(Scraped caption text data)
= = = = =

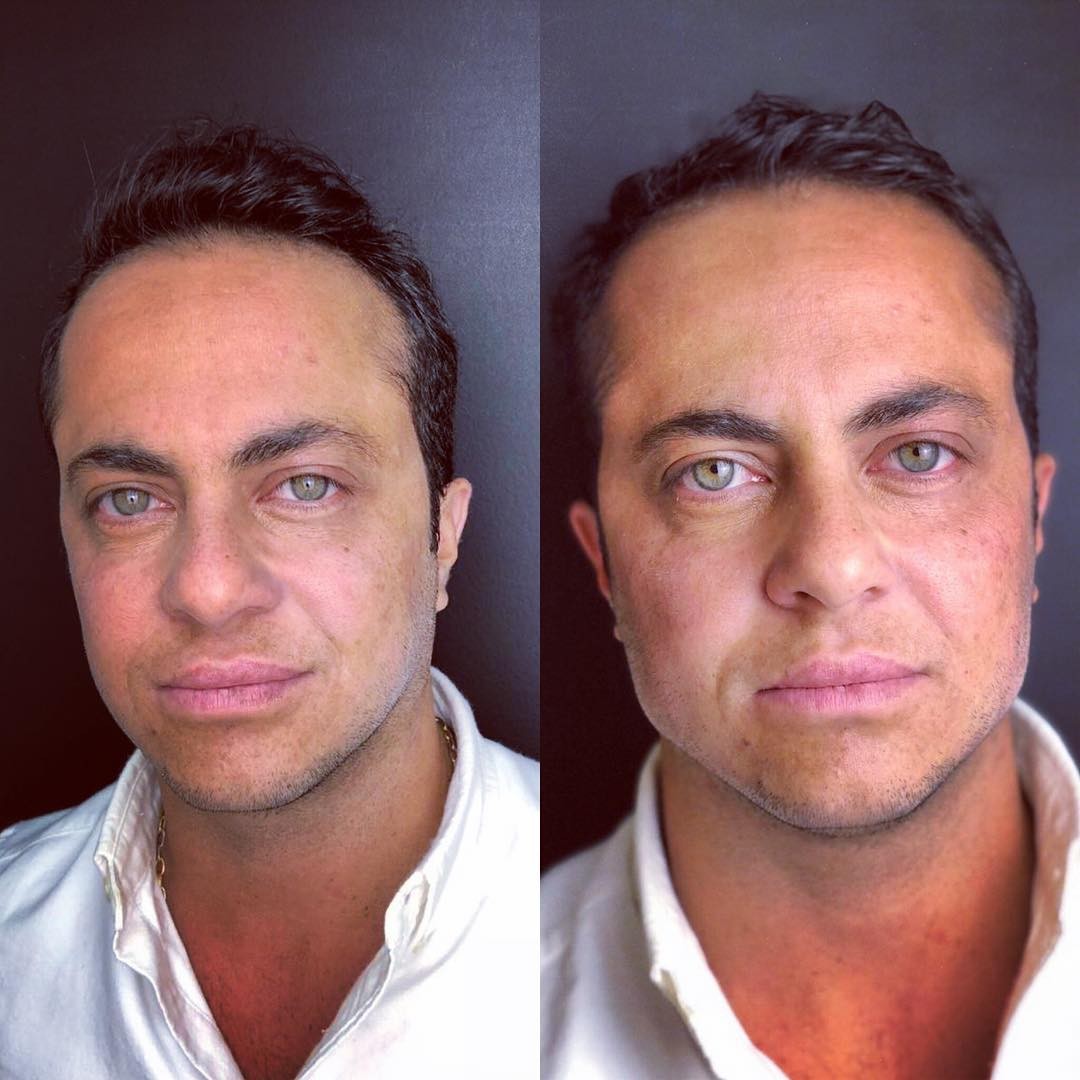 Thammy Miranda mostra antes e depois de procedimento estético (Foto: Reprodução)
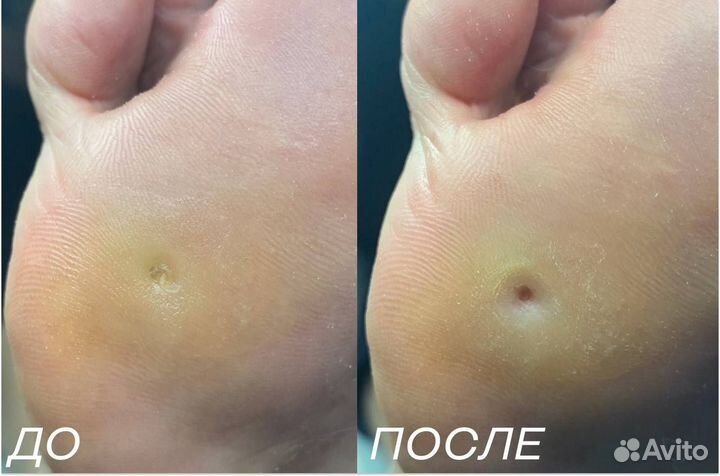 Врач подолог, медицинский педикюр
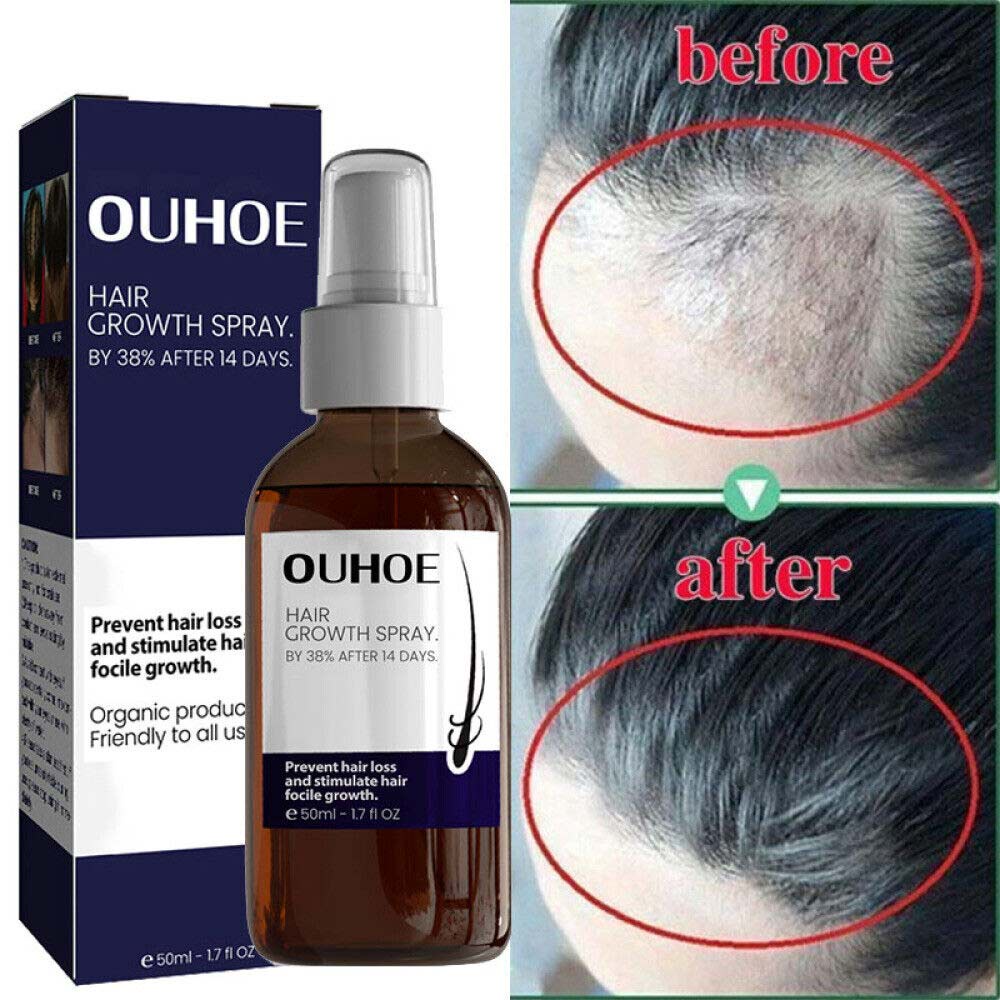 OUHOE hair growth spray strengthens hair roots to prevent hair loss
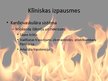 Prezentācija 'Tvana gāze', 8.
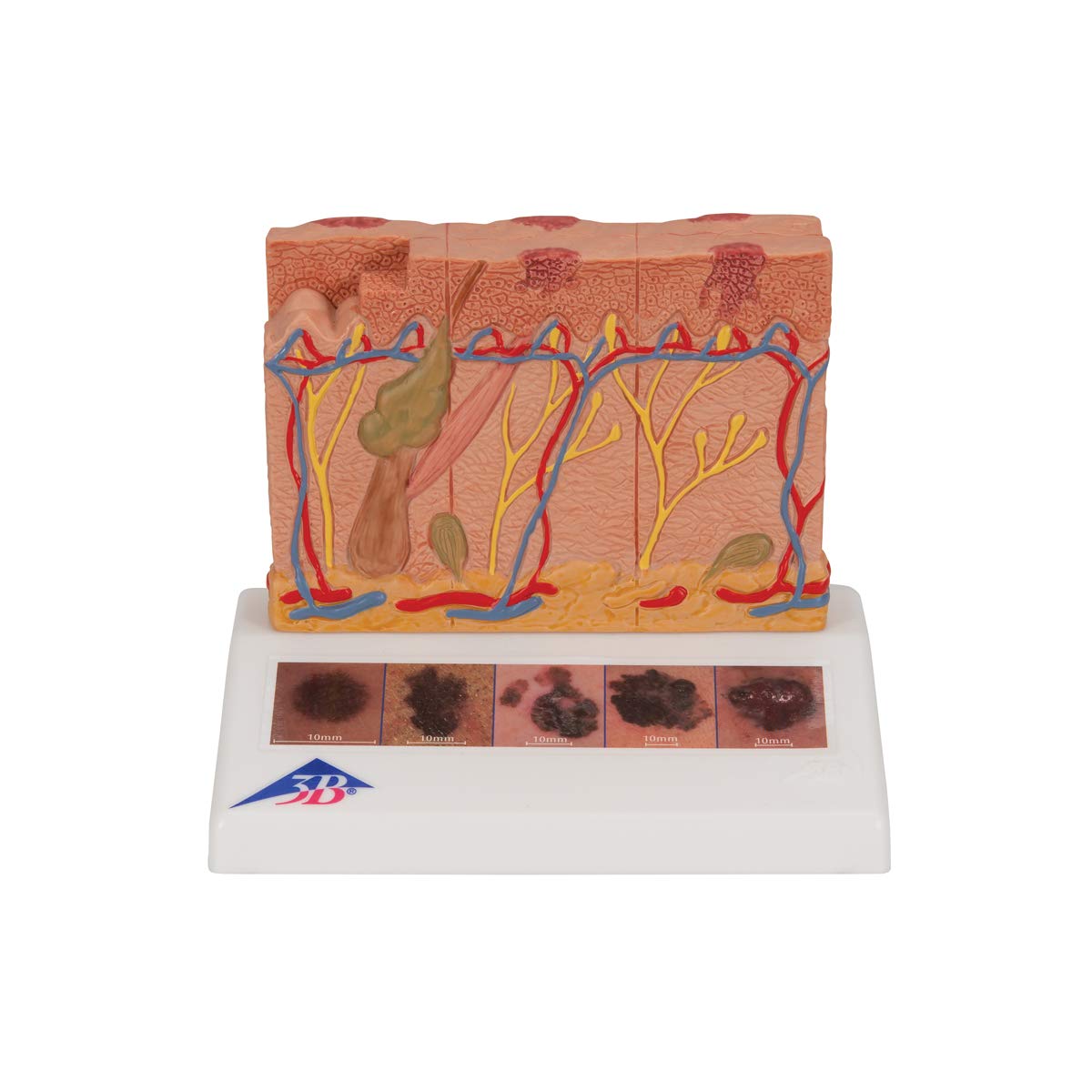 3B Scientific Human Anatomy - مدل سرطان پوست + برنامه رایگان آناتومی - 3B Smart Anatomy, J15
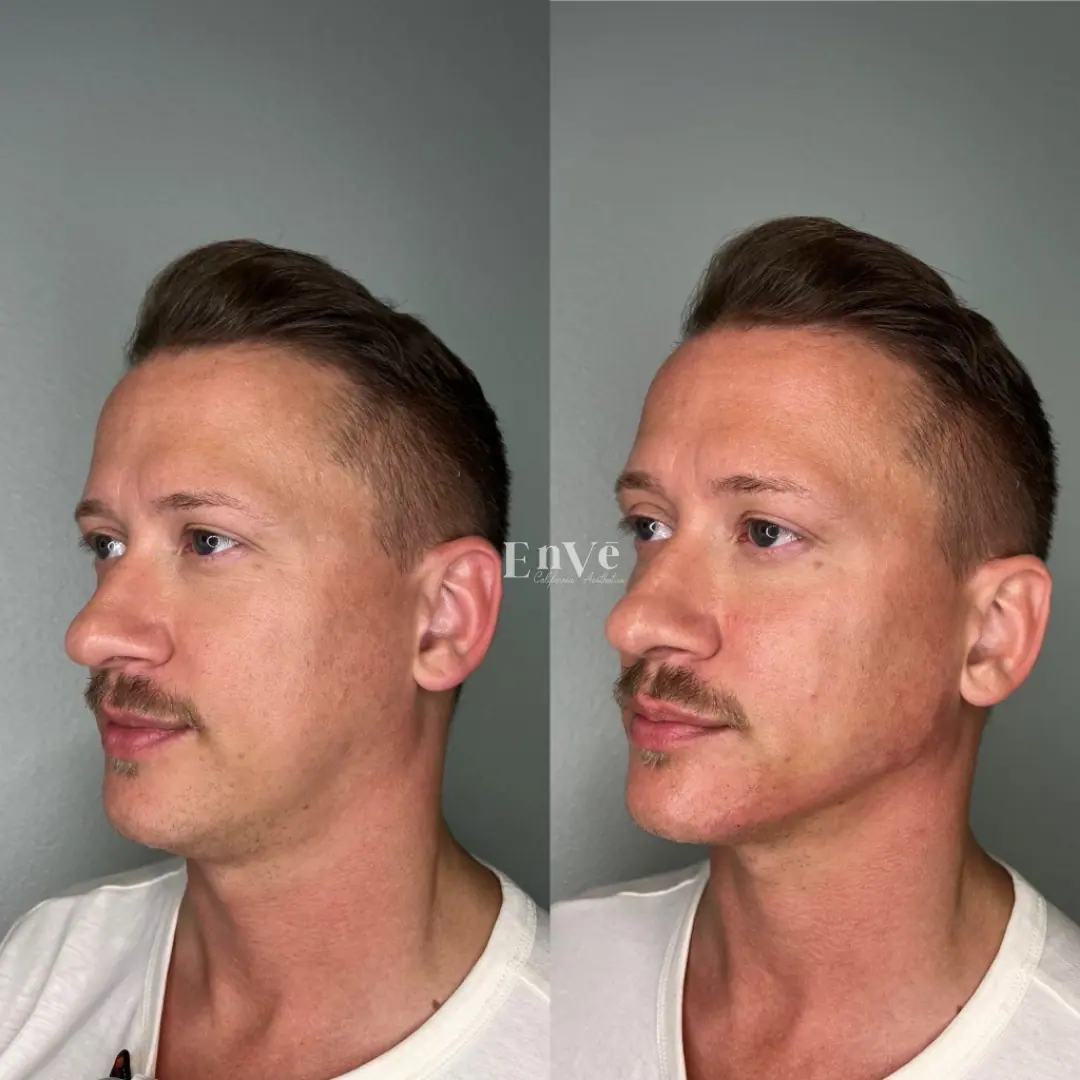 Scupsure Before and After8 in Palm Springs & Orange County CA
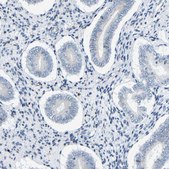 Anti-KRT76 antibody produced in rabbit Prestige Antibodies® Powered by Atlas Antibodies, affinity isolated antibody, buffered aqueous glycerol solution, Ab1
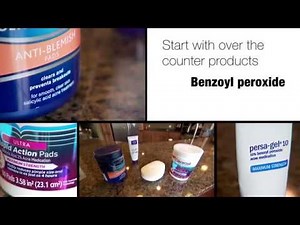 Adult Acne - Mayo Clinic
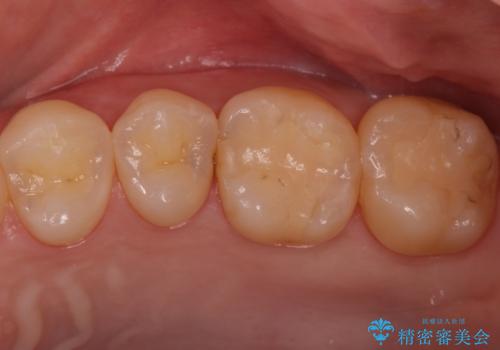 歯と歯の間の虫歯　セラミックインレーでの治療の症例 治療前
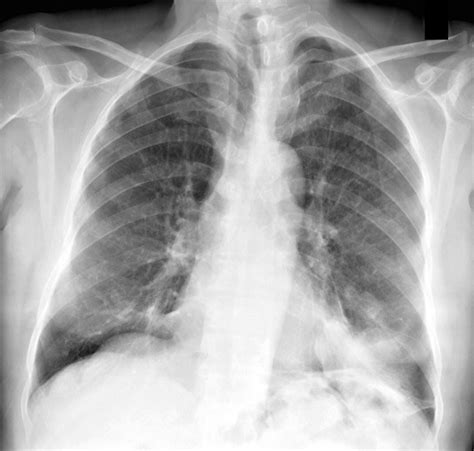 Cryptococcal Pneumonia In An Immunocompetent Patient AJR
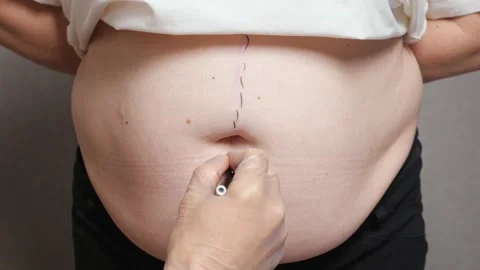 Surgeon draws correction marks on belly for plastic surgery Stock Footage 194946378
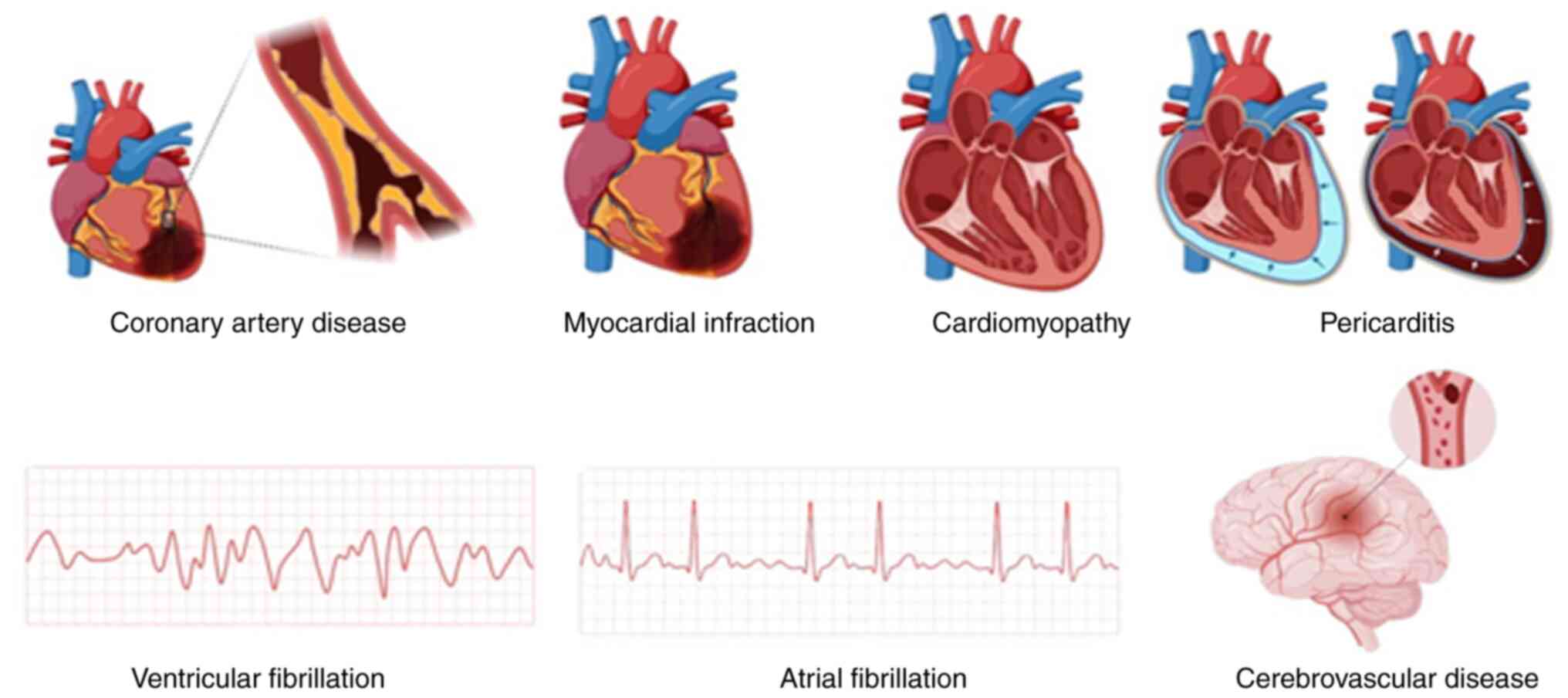 Major cardiovascular diseases.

= = = = =

_EXERCISE AIM_
Whatever the records hold apart from pictures should be repeated exactly.

_REPLY TO THE TASK_
 Thammy Miranda mostra antes e depois de procedimento estético (Foto: Reprodução)
 Врач подолог, медицинский педикюр
 OUHOE hair growth spray strengthens hair roots to prevent hair loss
 Prezentācija 'Tvana gāze', 8.
 3B Scientific Human Anatomy - مدل سرطان پوست + برنامه رایگان آناتومی - 3B Smart Anatomy, J15
 Scupsure Before and After8 in Palm Springs & Orange County CA
 Anti-KRT76 antibody produced in rabbit Prestige Antibodies® Powered by Atlas Antibodies, affinity isolated antibody, buffered aqueous glycerol solution, Ab1
 Adult Acne - Mayo Clinic
 歯と歯の間の虫歯　セラミックインレーでの治療の症例 治療前
 Cryptococcal Pneumonia In An Immunocompetent Patient AJR
 Surgeon draws correction marks on belly for plastic surgery Stock Footage 194946378
 Major cardiovascular diseases.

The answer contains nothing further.